The solemnity of the Most Holy Body and Blood of our Lord Jesus Christ, Sunday, June 19, 2022
Luke 9, 11–17
Jesus spoke to the crowds about the kingdom of God, and he healed those who needed to be cured. As the day was drawing to a close, the Twelve approached him and said, “Dismiss the crowd so that they can go to the surrounding villages and farms and find lodging and provisions; for we are in a deserted place here.” He said to them, “Give them some food yourselves.” They replied, “Five loaves and two fish are all we have, unless we ourselves go and buy food for all these people.” Now the men there numbered about five thousand. Then he said to his disciples, “Have them sit down in groups of about fifty.” They did so and made them all sit down. Then taking the five loaves and the two fish, and looking up to heaven, he said the blessing over them, broke them, and gave them to the disciples to set before the crowd. They all ate and were satisfied. And when the leftover fragments were picked up, they filled twelve wicker baskets.
It makes one curious that the Gospel reading for this great feast is not from John 6, where the Lord Jesus speaks of his Body and Blood as our food, or from the descriptions in the other Gospels of the Last Supper. The reading from St. Luke’s Gospel about the feeding of the five thousand certainly presages and prepares us for the Lord’s teaching about his Body and Blood, but is no substitute for it. The Gospel reading for the traditional Latin Mass for this feast, which was celebrated last Thursday, uses John 6, 56-59.
Key to understanding Luke’s telling of the feeding of the five thousand is the struggle between the Lord and his Apostles. They come to him and urge him to dismiss the crowd. They are exhausted, hungry, and fully aware that they are in a deserted place. Perhaps they also fear the crowd turning on them in their hunger. The Lord’s response came in the form of a challenge, which they may have taken as a rebuke: “Give them some food yourselves.” The Apostles react incredulously: “Five loaves and two fish are all we have, unless we ourselves go and buy food for all these people.” But the Lord will have them do as he tells them. First, he prepares the crowd by having the Apostles sit everyone down, for they would have stood to listen to his teaching.
“Then taking the five loaves and the two fish, and looking up to heaven, he said the blessing over them, broke them, and gave them to the disciples to set before the crowd.” The Lord said the prescribed blessing over the loaves and fish in the baskets, and then broke them. He broke the loaves so that the people could eat them. His breaking the loaves showed his ownership of them and also that he accepted his responsibility as host to feed his guests. He had his disciples hand out the loaves and fish as though they were slaves at a banquet. To their credit, the Apostles do not revel and refuse to take part in what must have seemed an impossible task.

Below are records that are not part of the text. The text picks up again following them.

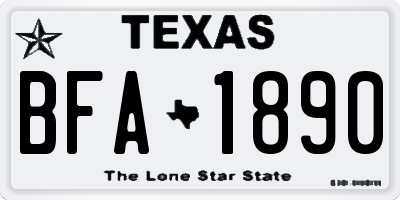 TX license plate BFA1890
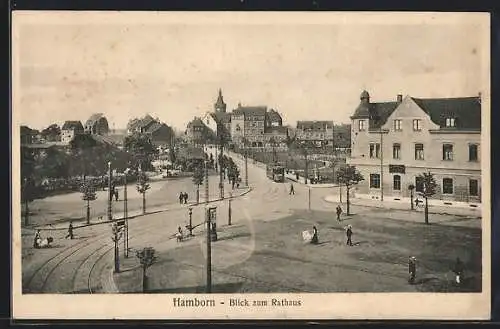 AK Hamborn / Duisburg, Blick zum Rathaus mit Strassenbahn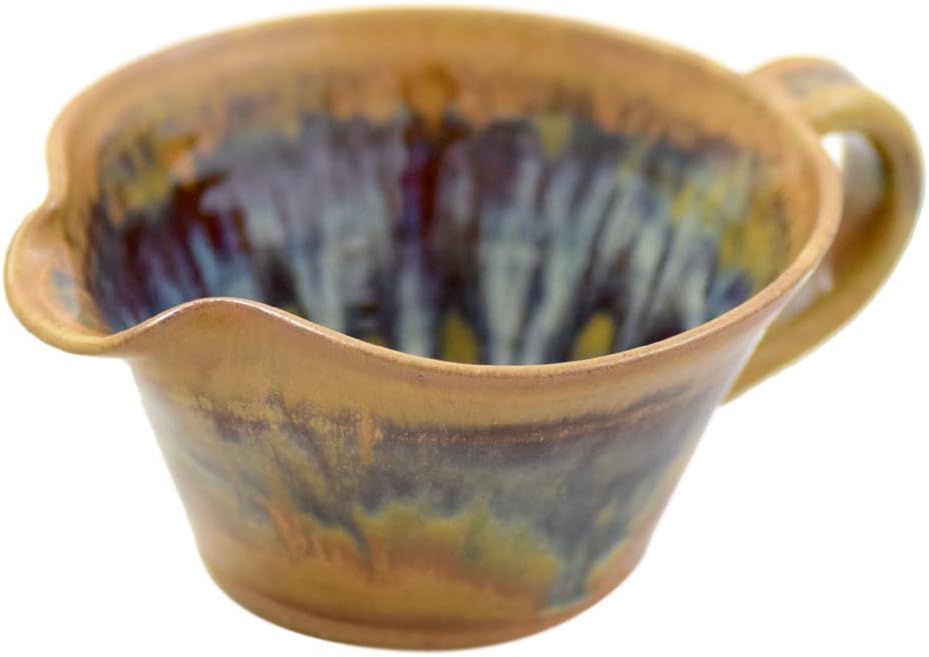 Modern Artisans Tuscan Farmhouse Collection: Stoneware Pottery Mixing Bowl with Handle (Mini Size 12 oz)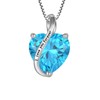YL Women's Necklace 925 Sterling Silver "I Love You" Pendant 12 Birthstone Cubic Zirconia Necklace Jewellery Gifts for Mother Girlfriend Women, Silver, Aquamarine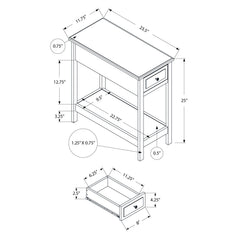 Accent End Table, 2 Tier, Storage Drawer, Transitional - Walnut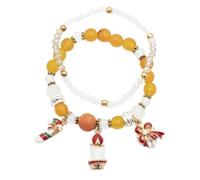 Yazilind 2Pcs Doppi Strati di Albero di Natale Bracciale Pupazzo di Neve Candy Elk Canna Campana Pendente Bracciali Vacanza Festival, Gioielli per Donna(#7)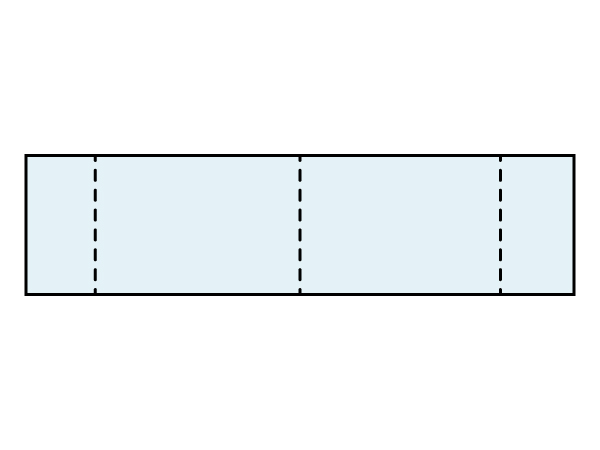 Rectangle divided into four equal sections by three vertical dashed lines.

“They all ate and were satisfied.” The people ate until they had enough. We can imagine the effect of this miracle on the Apostles. They started as reluctant and as doubting and then became bewildered and amazed. Perhaps they wanted to say to the Lord, afterwards, as Peter had said at the time of the great catch of fish: “Leave me Lord, for I am a sinner” (Luke 5, 8). This miracle might bring to mind that at the wedding at Cana, where Jesus produced an over-abundance of fine wine, and the only ones who knew about it were the servants who helped him and the Apostles. Here too, the Apostles knew very well how little they had to start with and what the Lord had done, while the crowd, or, at least, most of the crowd had no idea of what exactly had happened.
The Lord Jesus, in his overwhelming love for us, gives us not just enough but more, for as we see here: “When the leftover fragments were picked up, they filled twelve wicker baskets.” He gives us more than we could ask for even if we knew what to ask for. He gives us his Body and Blood to eat and drink although there was no need, strictly speaking, for him to do this: he redeemed us from sin by his Passion and Death on the Cross. He gives us this inestimable Sacrament in order to remind us of what he has done for us and in order to fortify us to live holy lives. He gives these to us too in order to prepare us to see him in heaven, whole and entire, and to enjoy his company there forever.